By Shannon Najmabadi
While the captain didn’t go down with it, a Chinese factory fishing ship that caught fire last week reportedly sunk on Sunday afternoon off the coast of Antarctica.
After the vessel in question, a 104-metre ship named Kai Xin, went up in flames last week, a nearby Norwegian trawler rescued the vessel’s 97 crew members.
Hence, no crew members were onboard when the Kai Xin sunk near Bransfield Straight at the Antarctic peninsula, Chile’s navy said on Monday.
Fu Rong Hai, another Chinese fishing boat passing through the Antarctic waters, gave the first alert that the Kai Xin was sinking.
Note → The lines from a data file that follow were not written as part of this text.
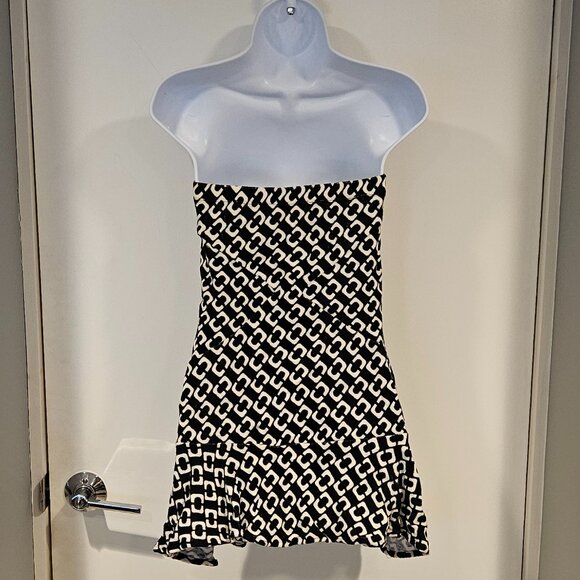 DVF Terry Cloth Cover Up, Chain Link Design, Strapless, Black & White, Size S - Picture 7 of 11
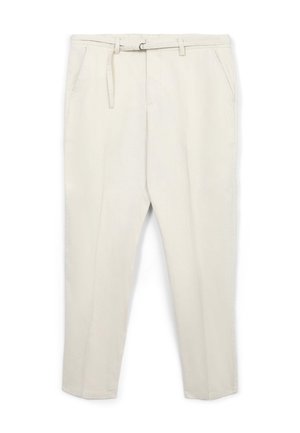 Pantaloni beige realizzati in tessuto morbido, con un design aderente, passanti per cintura, due tasche frontali e gambe affusolate.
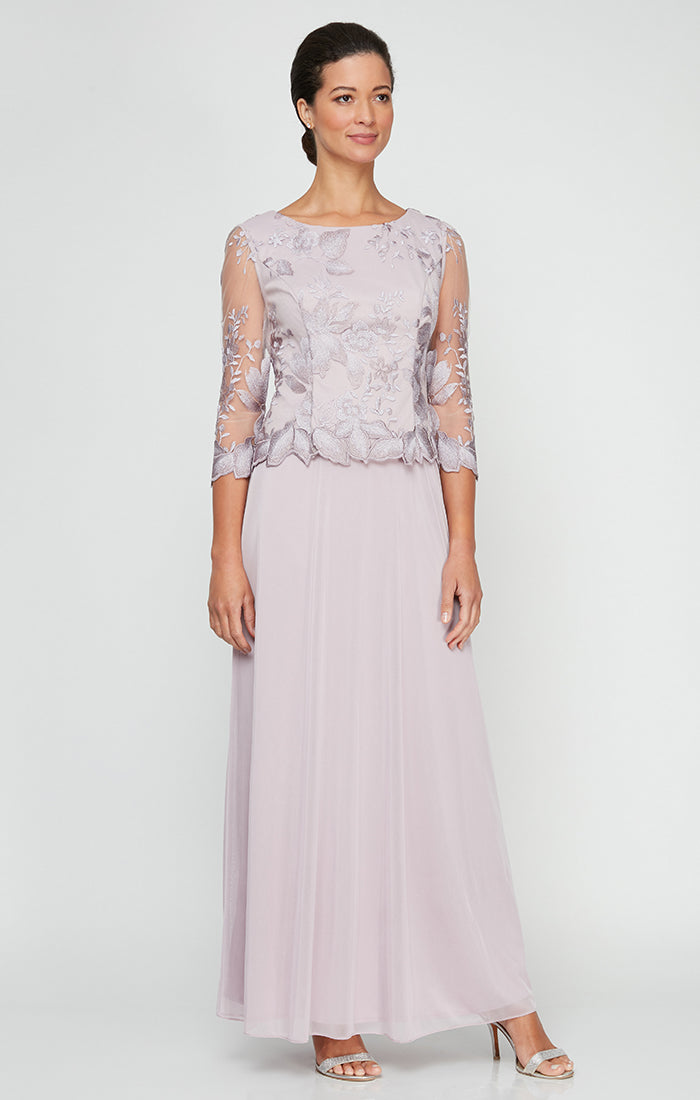 Alex Evenings A-Line Embroidered Tulle & Chiffon Dress with Scallop Detail SMOKEY ORCHID / 4 Alex Evenings A-Line Embroidered Tulle & Chiffon Dress with Scallop Detail SMOKEY ORCHID / 4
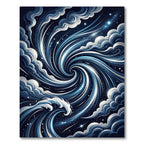 Celestial Swirling Galaxy Waves Rug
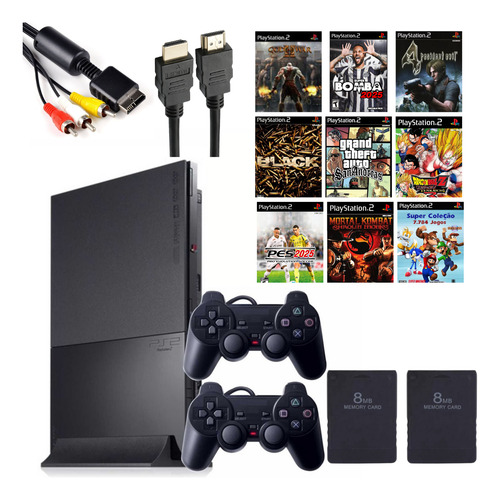 Entrega Rápida - Playstation 2 Completo + 100 Jogos Com 2 Controles + 2 Memory Cards (Recondicionado)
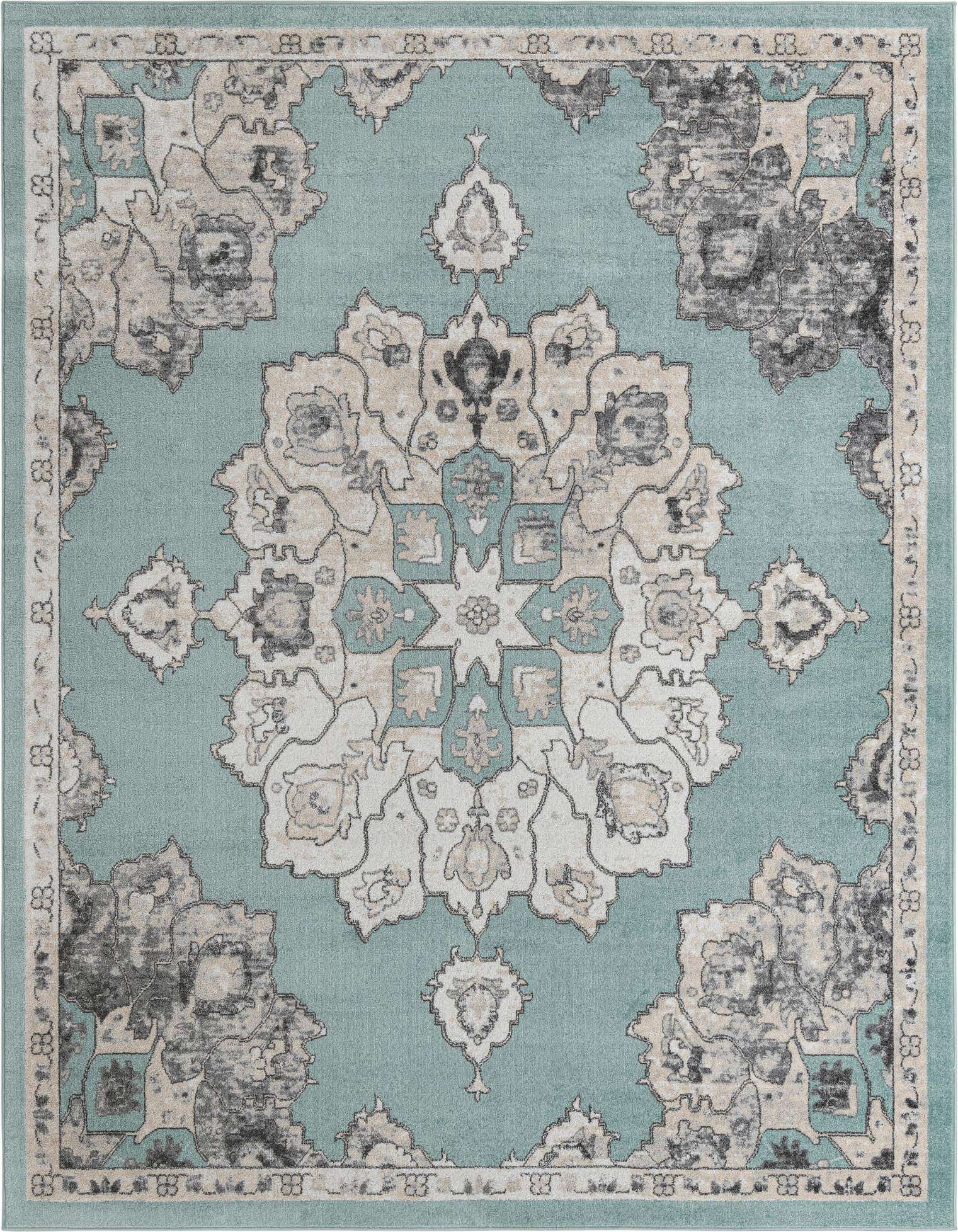 A 10x13 rectangular blue area rug with a vintage botanical medallion pattern in cream, grey, and light blue.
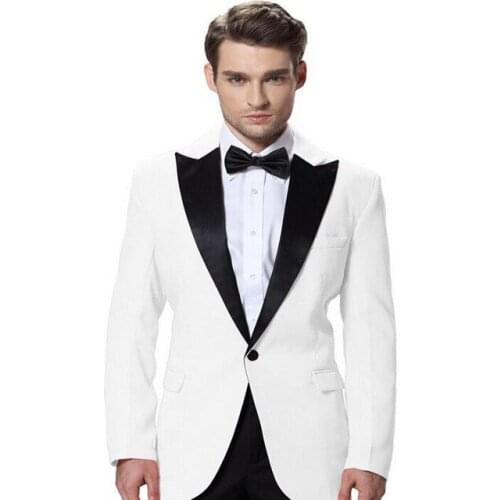 Elegant Sigle Breasted Man Suits White/Gold/Grey Groom Tuxedos Groomsman Wedding Suits Business Men Work Wear (Jacket+Pants+Bow)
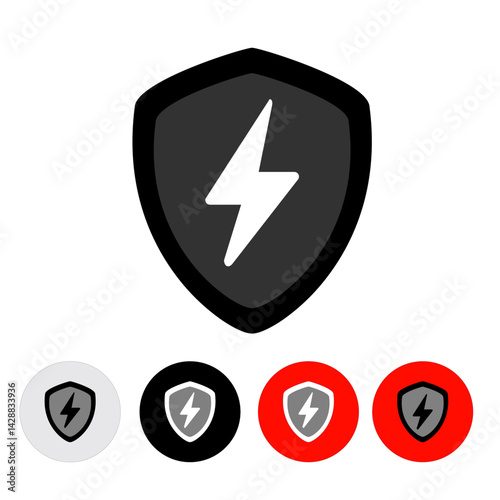 Lightning-Shield icon, black, white and colored buttons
Via email, the Fu Rong Hai reported that the Kai Xin no longer appeared on radar, and crew members later spotted “fishing nets and small boats drifting in the chilly water”.
Under instruction from the Chilean navy, the Fu Rong Hai remained in place until the navy tugboat Lautaro reached the site and began searching for the sunken Kai Xin.
The Chilean tugboat also stood ready to contain any spilled fuel as officials feared the environmental damage that could be incurred by an oil spill.
However, Captain Juan Villegas, maritime governor for Chile’s portion of Antarctica, said that an oil spill now appeared unlikely.
According to the Associated Press:
“An environmental disaster is ruled out because of the fire on board,” Villegas said. “Experts say that if there was any fuel on board it has burned out by now.”
The Kai Xin was operated by Shanghai Kaichuang Marine International Co, a company specializing in deep-sea fishing and processing.
“A company statement posted last week said the fire occurred while the ship was fishing. It said Kaichuang would investigate the cause of the accident and the extent of the damage before releasing more details.”